» **WORK INSTRUCTION**: In this exercise, the entries below include pictures. Repeat exactly the lines from the line with "Akşener: Gerekirse YSK'nın önünde oturacağız" to the line with "文 修手機瞬燒1800", including both, but without the pictures.

» **LISTED RECORDS**:

▬▬▬▬▬▬

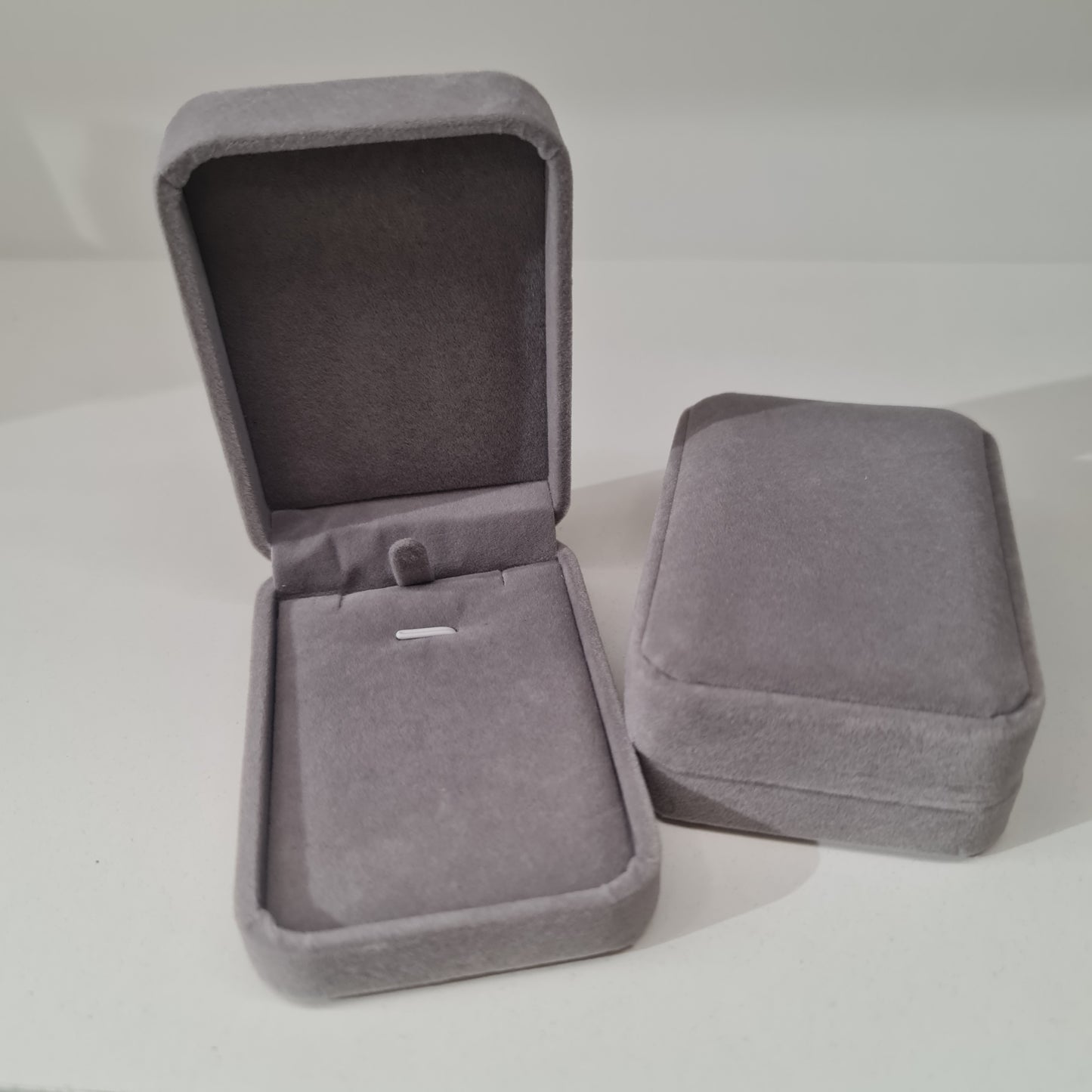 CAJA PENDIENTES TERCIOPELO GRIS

▬▬▬▬▬▬

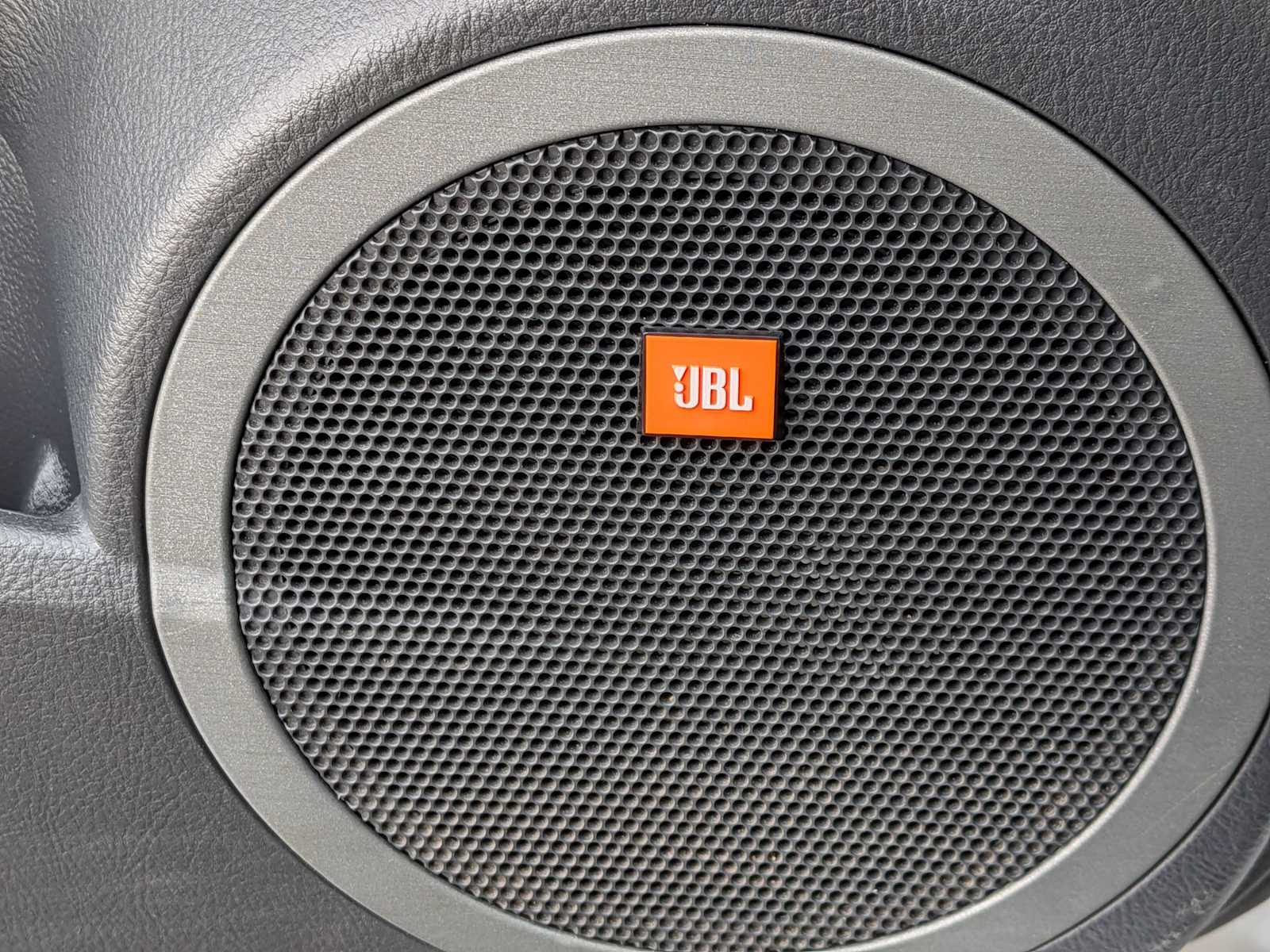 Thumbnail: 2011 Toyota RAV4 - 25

▬▬▬▬▬▬

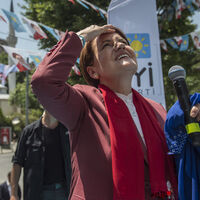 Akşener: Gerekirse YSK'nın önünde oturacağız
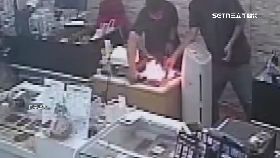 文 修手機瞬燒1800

▬▬▬▬▬▬

» **OUTPUT OF THE TASK**:
 Akşener: Gerekirse YSK'nın önünde oturacağız
 文 修手機瞬燒1800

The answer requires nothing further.